Comment: Electric Picnic litter reminds us that every generation is filthy and messy
There are certain inescapable patterns in life — we don’t mean to follow them, it just happens that way.
For example, no matter how young at heart you may feel, there’s a good chance that by the time you’ve hit 30 you’ve started kvetching about the younger generation.
By the time you’ve hit 16, you’ve started moaning that the oldsters had everything handed to them on a plate and no generation — absolutely none! — has ever had to go through the angst and problems that your generation, and your generation alone, face.
It’s entirely normal, and has probably been that way ever since we stopped dying of old age and rickets at the age of 40.
Generational spats are simply part of life and here’s the thing — both sides of the argument usually have a few points in their favour.
There is little doubt that the current crop of millennials have been given the rotten end of the stick. They’re the ones who can vaguely remember a time when their parents seemed loaded, everyone had money and the possibilities were endless.
Then the country flew over the edge of the cliff and all those hopes and aspirations disappeared as quickly as their parent’s three-bedroom holiday home bought off the plans in Bulgaria.
That’s a raw deal for anyone to have to suffer.
As much as many of us have a massive degree of sympathy for those people who — rightly — feel as if they’ve had the rug pulled out from under their lives, there is also a rather wearisome degree of smug certitude displayed by so many of them.
That’s not unique to this generation, of course — after all, the hippies were quite certain they could change the world for the better.

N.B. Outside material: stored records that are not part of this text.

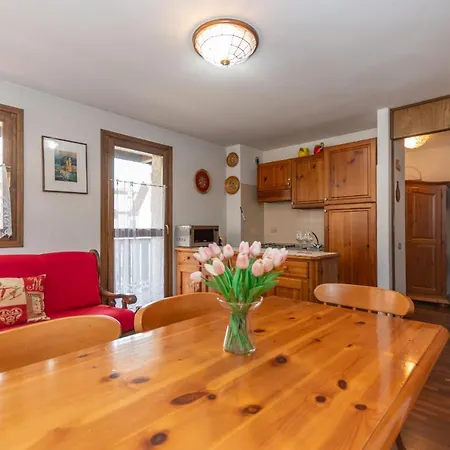 Appartement Le Marmotte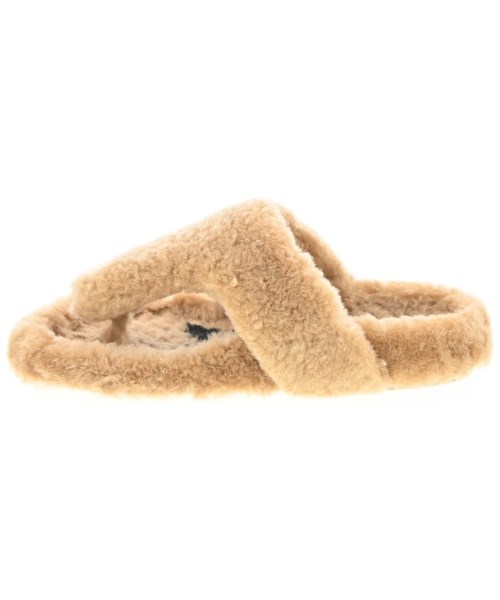 LOEWE（ロエベ）サンダル ベージュ サイズ:EU37(23.5cm位) レディース/2200658664014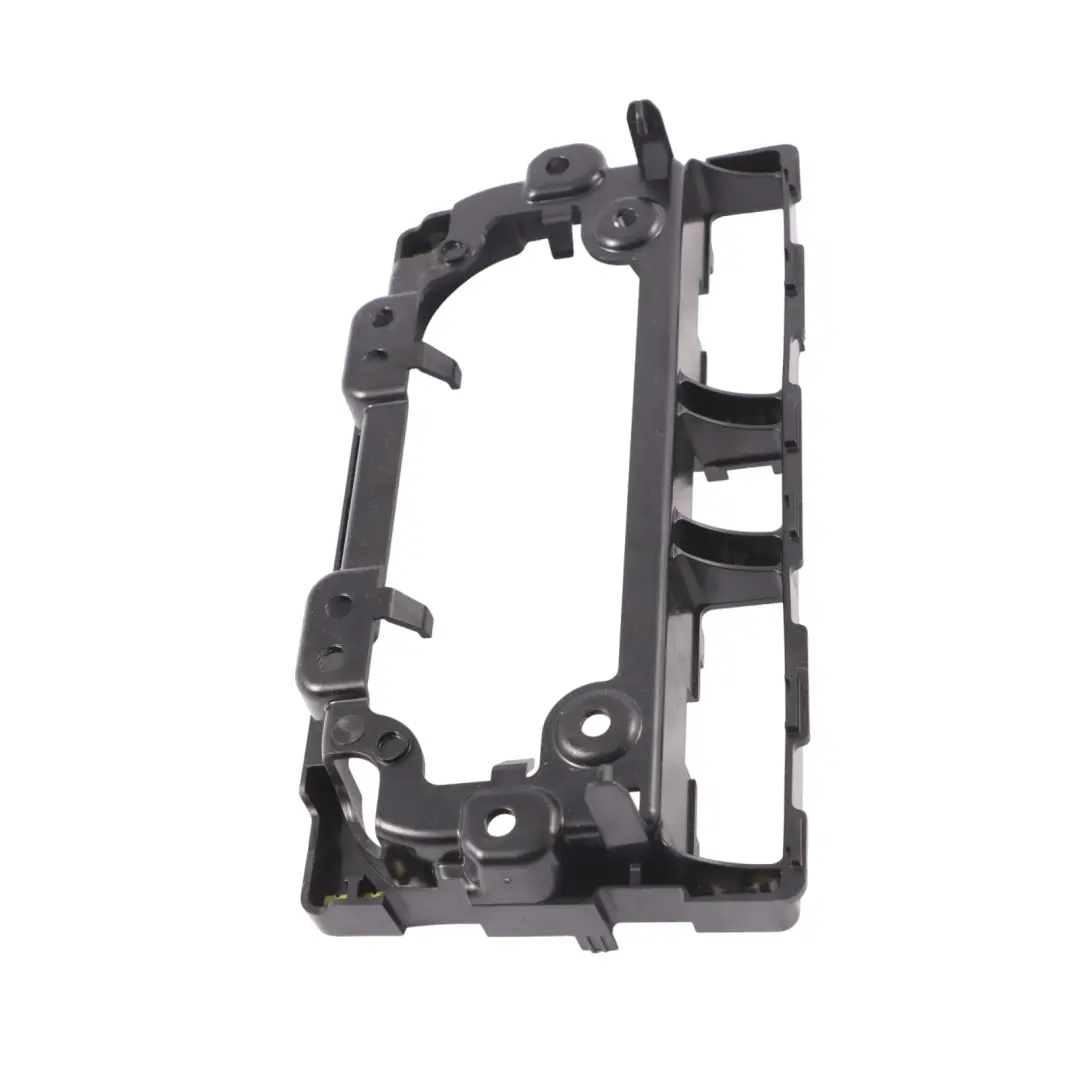 Radio Head Unit Mount Bracket Frame Panel to Volkswagen VW Golf SV with Part number 510858087 Volkswagen VW Golf SV Radio Head Unit Mount Bracket Frame Panel - SKU 510858087 - Part number 510858087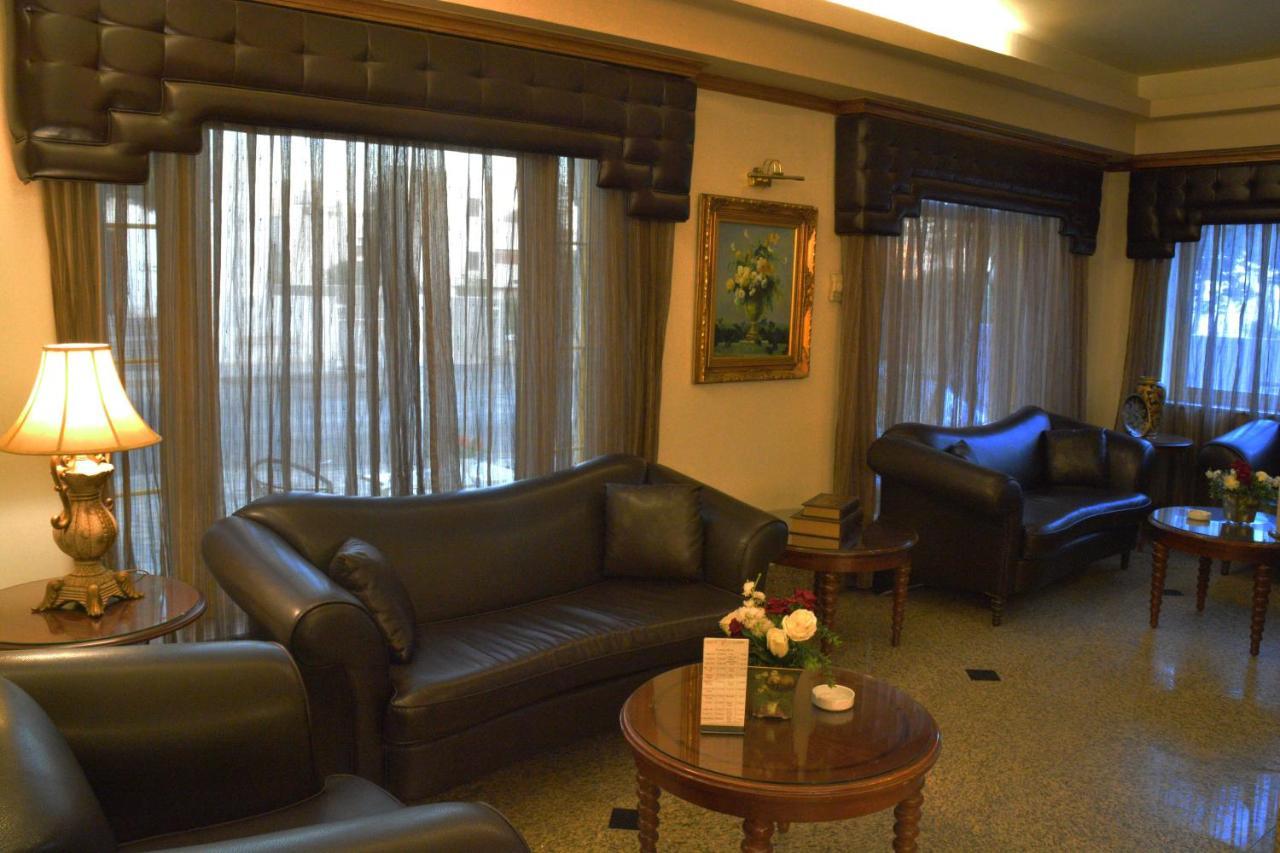 Capri Hotel Suites Amman Exterior foto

And look how well that ended up.
But the emergence of social media has now turned everyone into a philosopher/campaigner and the inevitable naïveté of youth is now amplified and multiplied and measured in likes and retweets.
Which brings me to the mess left behind at the Electric Picnic.
One estimate reckons that several million euro worth of camping gear, electronic equipment and other valuables were simply discarded by departing revellers, presumably on the understanding that someone else would pick up their rubbish.
It’s hardly the first festival site to be left looking like a bomb had hit it — although fan of hyperbole that I am, even I’d probably stop short of describing it as looking like a ‘nuclear holocaust’ — but the pictures and footage wouldn’t have received so much traction if so many of the EP-goers weren’t so bloody insufferable and self-righteous about everything.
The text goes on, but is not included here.